Monday, January 12, 2009

Tertal - Bare Bones Part 2


The picture has added a lot of colour and reminds me of Blood Red Soil, one of my very first successful lithograph. This is a strong link between blood and the earth. One of the first lessons in colour was of the complimentary colour between red and green. Of course, green is used for vegetation. The blue of the sky is only been filled in slowly and will be lightly added to as the main ground is the point of concentration.

I have 'lost' the page in the thicket of the left hand tree, but I want to bring it back into the image. This I will do, by having using charcoal on the trunk part and then 'carving' into the page with a rubber and then pulling the paper away. If I change my mind, I can add more text pages on top of the and then re-carve into the trunk. This I hope will give it some texture on the page and will probably concentrate with the eye toward this part. By adding white pencil, although I prefer white Conte crayon to cut into the image and tear at the charcoal.

The alternative as I look at it might be to have a layer of pages across the page and these pages lost in the back ground detail of the earth. Hmmmm. Something to consider later.

There are six of these photos from this place, each is slightly different in their lay out and the remaining five will be reviewed. Now I have a set of photos, I will let my ideas flow along how a sequence might work. As I wrong in an earlier post Tertal Part 1, the idea of bones in a landscape and we are quiet close to the Uffington White Horse, one of the majestic chalk figures that are etched into the landscape. There are various theories on the whys and wherefores. The other ones chalk figures, e.g. The Cerne Abbas Giant, The Long Man of Wilmington are not as old as people originally believed, but the horse at Uffington does appear genuine.

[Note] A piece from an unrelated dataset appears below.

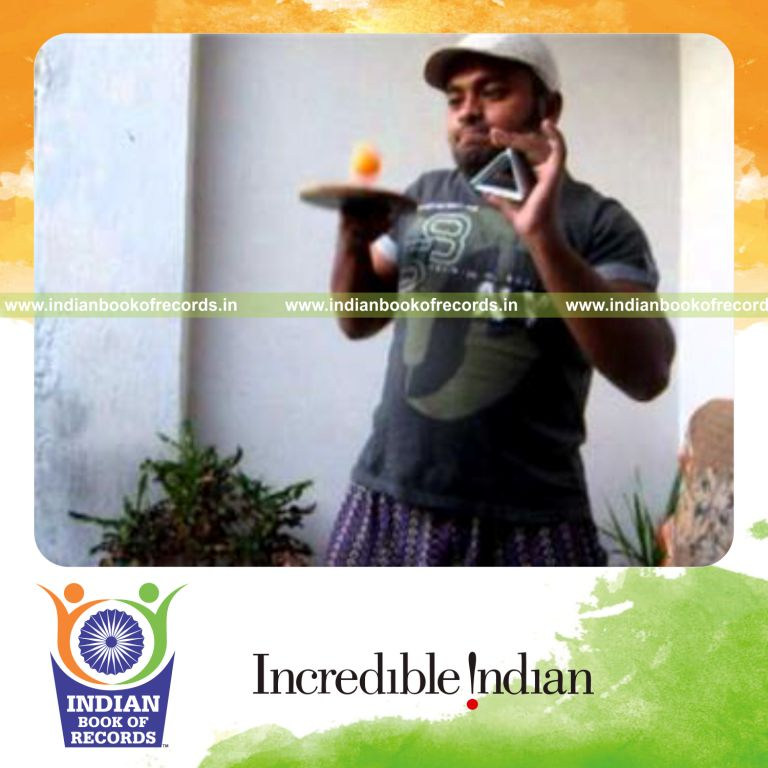 individual performing fastest triangle card display while bouncing ball for record in Indian Book of Records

Peter Greenaway's film The Draughtsman's Contract is a firm favourite of mine. It uses a series of drawings by an artist view to put clues into the picture about the mysterious goings on at the country estate. Part murder mystery and part mediation on the nature of view an image. It showed me that film can use an artist eye to create a mood with imagery and the stylisation of work. I have the start of the piece with Bare Bones and will look at using anatomy of the bushes as a prompt for this series.